The school counselor did his damage on my emotions, tapping through my cold exterior with an ice pick, ready with a space heater for my frozen interior. I walked into the first session with visions of impressing with my independence and insight. Him in awe at my maturity and assuring me I'd be just fine and didn't need to return.
He did no such thing. Shocking, I know.
Instead, he listened as I talked. As I told my stresses with school, my financial burdens, the pressure to be strong for those around me. When I'd start to break and let down my defenses, I'd quickly apologize and retract, assuring that I knew I needed to balance and accept and bravely move onward.

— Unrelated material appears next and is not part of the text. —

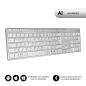 Teclado Inalámbrico por Bluetooth Subblim 3ADE300 Advance Extended- Plata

Then, one day, my frozen shell cracked and melted revealing flesh. Raw and slightly blistered from the cold. It revealed childhood wounds ready for proper bandaging and genuine healing. Nothing traumatic like abuse or neglect. Just simply how my little heart learned to protect itself--hiding behind independence, self-reliance, maturity and capability. Taking the precautions I thought I needed to prevent heartache and pain.
He pointed to the artwork hanging on one wall of his office. It was a painting of Jesus carrying a white lamb on His shoulders. We talked about what Jesus meant when He said He is the shepherd and we are His sheep.

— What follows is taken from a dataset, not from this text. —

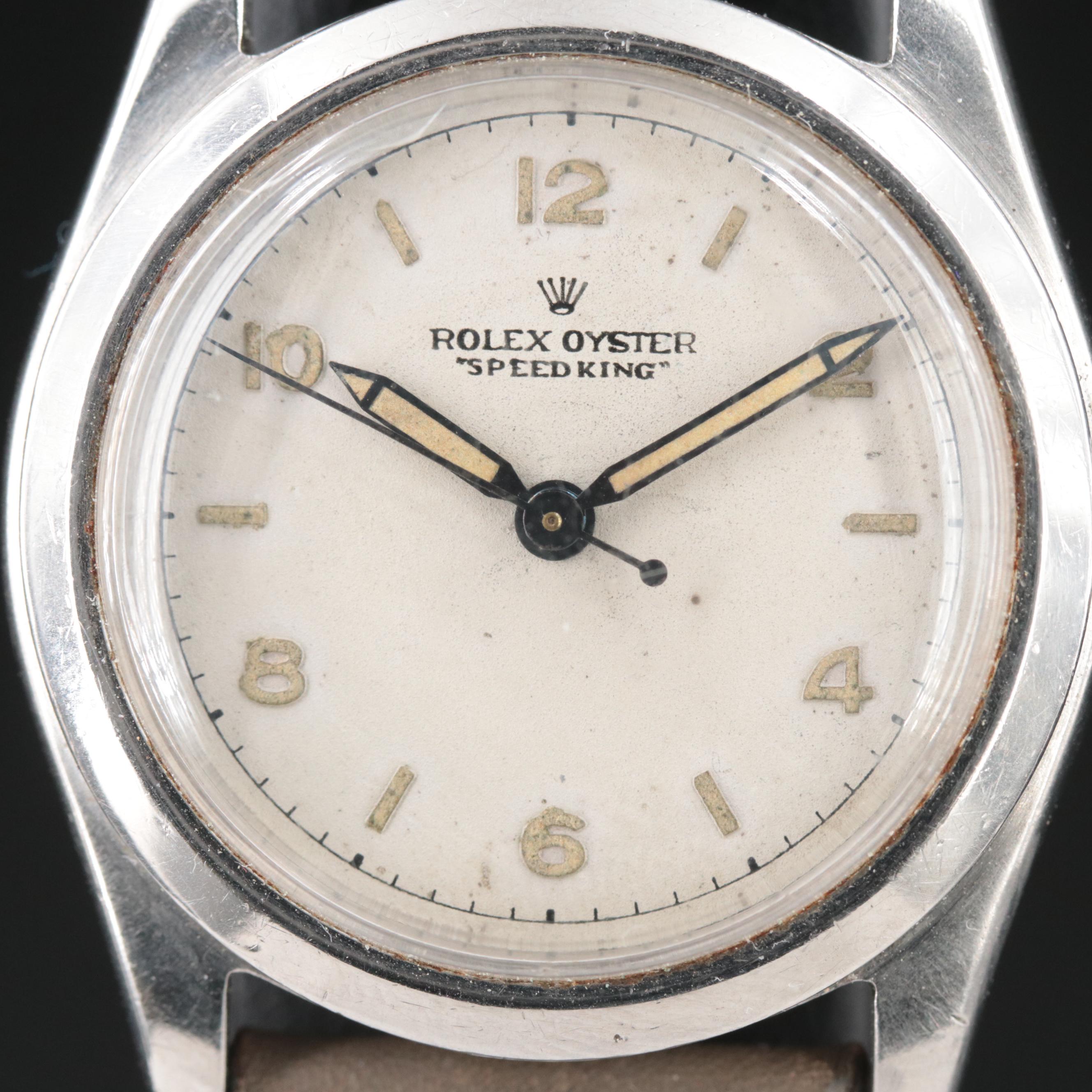 1960 Rolex Oyster "Speed King" Manual Wind Watch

We all like sheep have gone astray;
We have turned, every one,
to his own way. | Is. 53:6
Even this tough girl is a lost sheep in need of a shepherd. In need of being saved from myself. From the burdens I carry to be strong and brave and capable. And allow the shepherd to carry me.
I returned the next few sessions anticipating what hole of my life might be revealed and filled in today. We often returned to a version of the same truth: I am a sinner in need of a Savior. I'm not a big tough bad-a that can take care of myself, thank you very much. I really am a lost and lonely little girl, and the sooner I admit that, the sooner I am saved by the One that fills that void and leads the way in my life.
This truth uncovered an exhausted form looking for a place to dump the weight of the world carried on small, incapable shoulders. A willing soul, ready to admit her lost sheepness into the arms of her waiting Savior.